I am consistently running into the above error using Cloudbreak (on GCP). I have tried between 5 and 10 times. Whether I configure thru the UI or command line, I always time out after 30 mins on the ‘Bootstrapping infrastructure cluster’ step and end up with a message as above. The specific instance group may change. The example I am seeking help on referenced “instance group host_group_master_3”.
Have searched Google and Hortonworks to no avail. Can anybody suggest what I need to do to get past this? I am zipping the log file and the Event History and attaching here.
BTW here is the Cloudbreak shell code that fails when using command line. This was copied from https://github.com/sequenceiq/cloudbreak/tree/master/shell except for the credential line as the credential for "tmr-adm3" was previously created in UI:
credential select --name tmr-adm3
blueprint select --name hdp-small-default
network select --name default-gcp-network
securitygroup select --name all-services-port
instancegroup configure --instanceGroup cbgateway --nodecount 1 --templateName minviable-gcp
instancegroup configure --instanceGroup host_group_client_1 --nodecount 1 --templateName minviable-gcp
instancegroup configure --instanceGroup host_group_master_1 --nodecount 1 --templateName minviable-gcp
instancegroup configure --instanceGroup host_group_master_2 --nodecount 1 --templateName minviable-gcp
instancegroup configure --instanceGroup host_group_master_3 --nodecount 1 --templateName minviable-gcp
instancegroup configure --instanceGroup host_group_slave_1 --nodecount 1 --templateName minviable-gcp
hostgroup configure --hostgroup host_group_client_1
hostgroup configure --hostgroup host_group_master_1
hostgroup configure --hostgroup host_group_master_2
hostgroup configure --hostgroup host_group_master_3
hostgroup configure --hostgroup host_group_slave_1
stack create --name wikistk --region US_CENTRAL1_B
Could you please check your quotas on google cloud? Which instancetype are you using?

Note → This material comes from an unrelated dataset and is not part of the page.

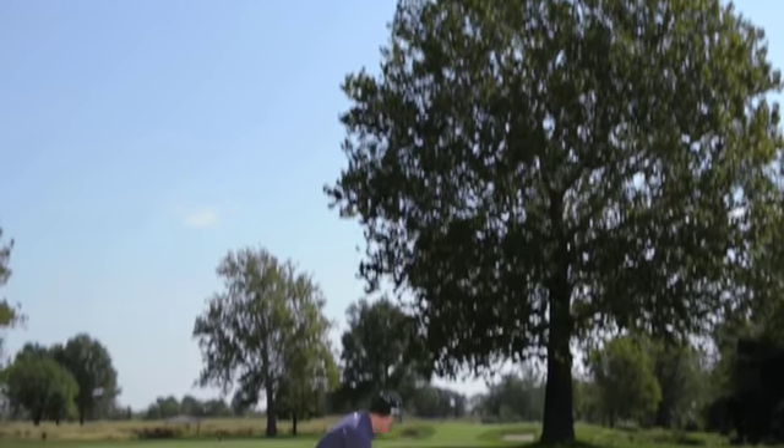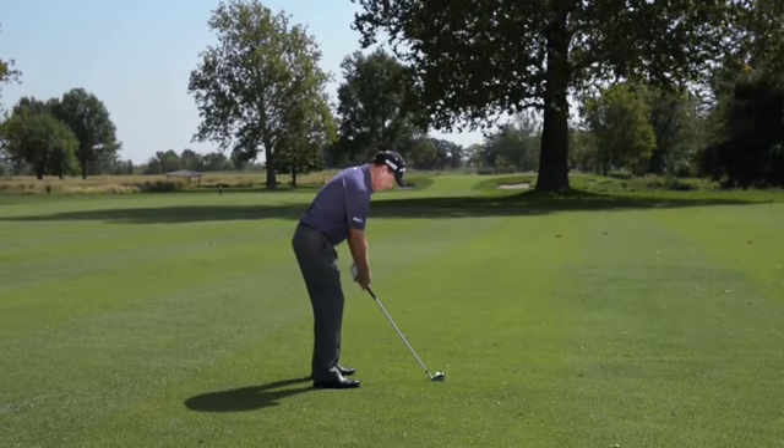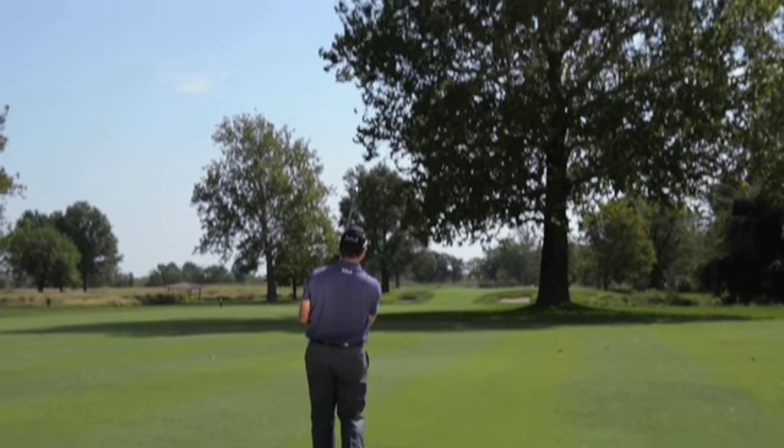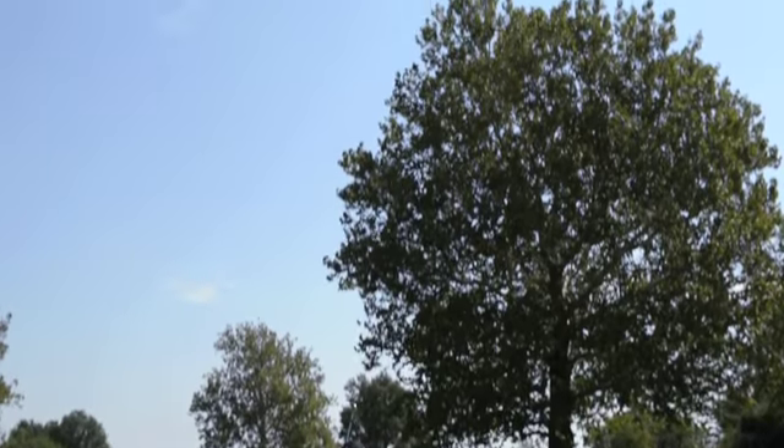When you're facing a recovery shot with a tree in the way, you have an option to go either high or low. If you have to go over the limb of the tree, you have to try to play a high shot. The technique for that is swing hard, because you need to get that ball lofted. The ball needs to get on the club face and in the air.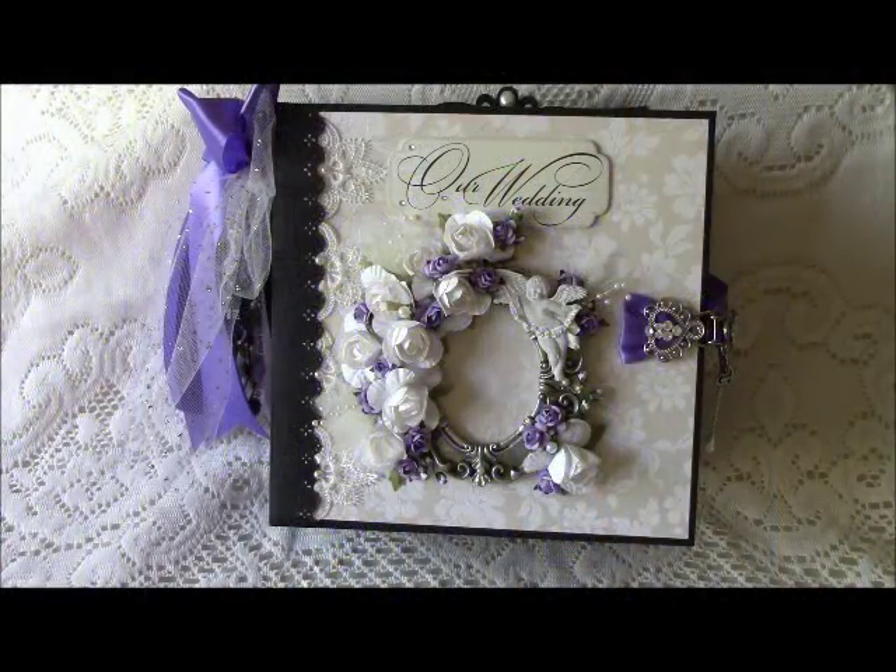Hello everyone, this is Debbie and I'm here today to share with you a very special mini album. I made this mini album for my niece Kiera and her soon-to-be husband Benjamin. They're going to be getting married very soon, so I need to get this video done and sent to them before their wedding.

Thanks Richard. Checked quotas. Almost all are at 0%, while the largest is only 10% (Firewall rules). Any other ideas?
I mean how much quota do you have like CPUs? The thing is maybe you dont have enough quota to provision a 4 node cluster. (The default google qouta is very limited). Also If you provision a cluster and ssh into the cbgateway machine then could you please share the munchausen logs with us? ('docker ps -a' will show you the container)
@rdoktorics We have tried both the min-viable-GCP VMs and also n1-highmem-16 (16 CPU, 108G ram) as the masters and n1-standard-8 ( 8 CPU, 30G ram) these should be hefty enough shouldn't they?
As to quotas, here is a list of everything that is above 0 in quota. If it is not on this list, that means we have not used any quota on those items.
CPUs us-central 19% 221 of 2,400
Networks 8% 4 of 50
Routes 3% 8 of 300
Snapshots 3% 749 of 25,000
Total persistent disk reserved (GB) us-central 12% 17,215 of 1,000,000
Static IP addresses us-central1 1% 9 of 700
Does this quota level still look like it might be causing the problem? Either way, what would you sugest next?,
@rdoktorics Thanks Richard. I've had this problem regardless of machine size. From the min-viable-GCP defined in the UI to specifying all the masters and the gateway as n-highmem-16 (16-cpu, 104 GB ram) VMs and the slaves as n-standard-8 (8cpu, 30GB). Shouldn't these machines be sufficient?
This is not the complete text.